[INFORMATION PROVIDED]
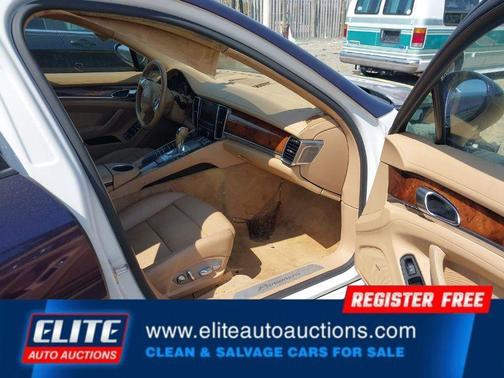 2012 Porsche Panamera 4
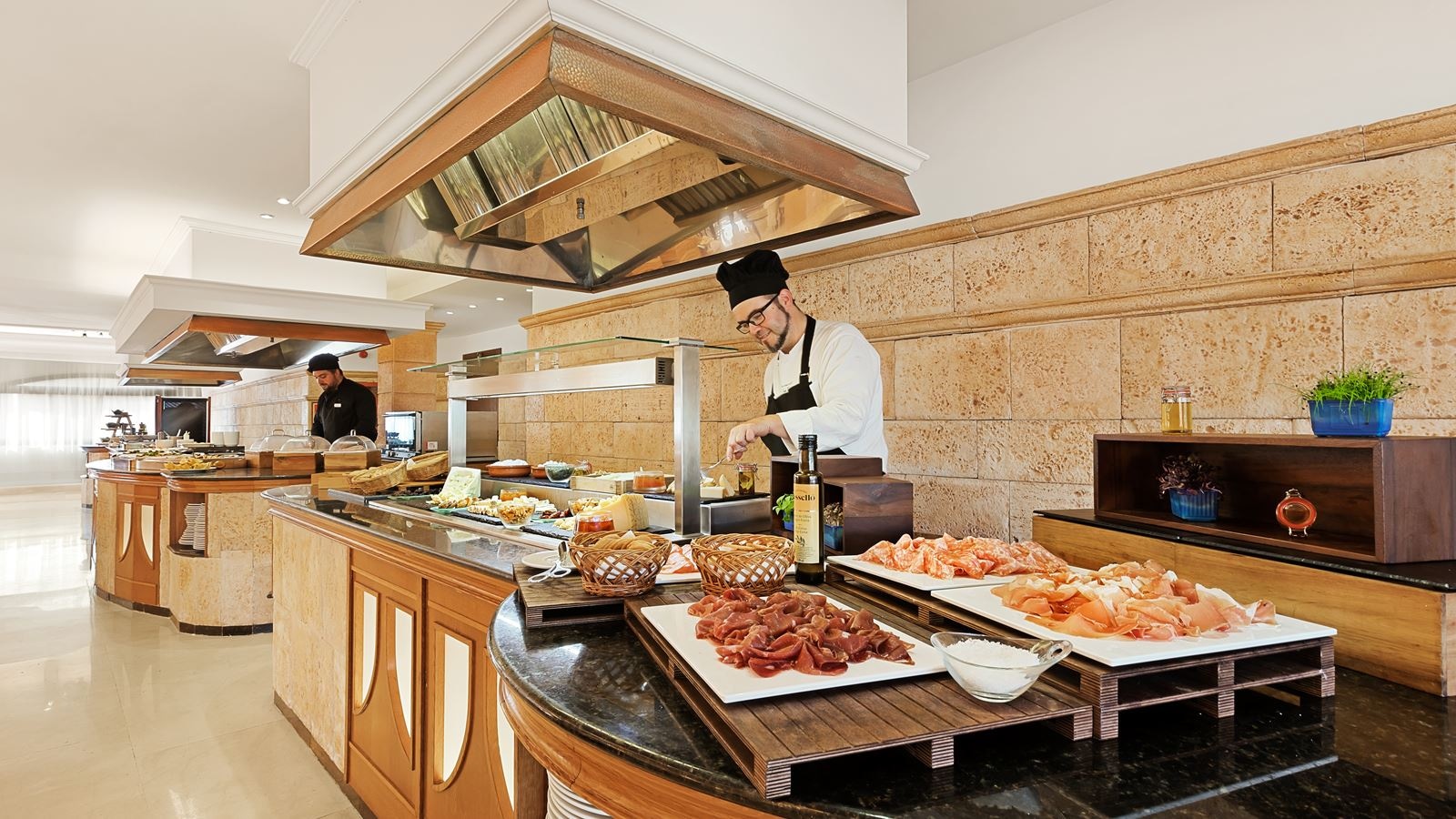 restaurants-main-restaurant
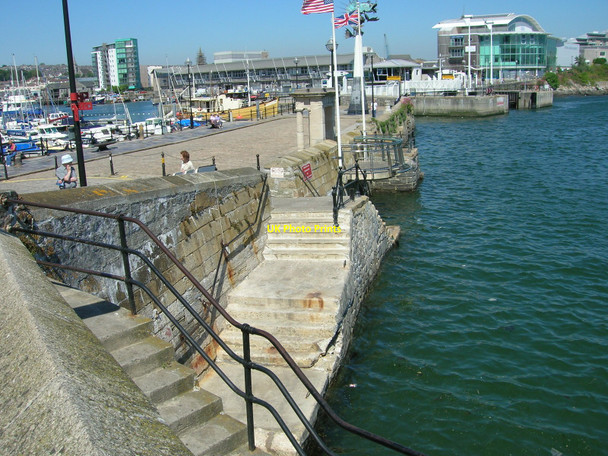 Photo 6"x4" The Mayflower Steps Mount Batten c2006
[/INFORMATION PROVIDED]
◆ **HOW TO COMPLETE THIS TASK**
Repeat the full listing above without altering a word, and skip the pictures.

◆ **TASK RESULT**
 2012 Porsche Panamera 4
 restaurants-main-restaurant
 Photo 6"x4" The Mayflower Steps Mount Batten c2006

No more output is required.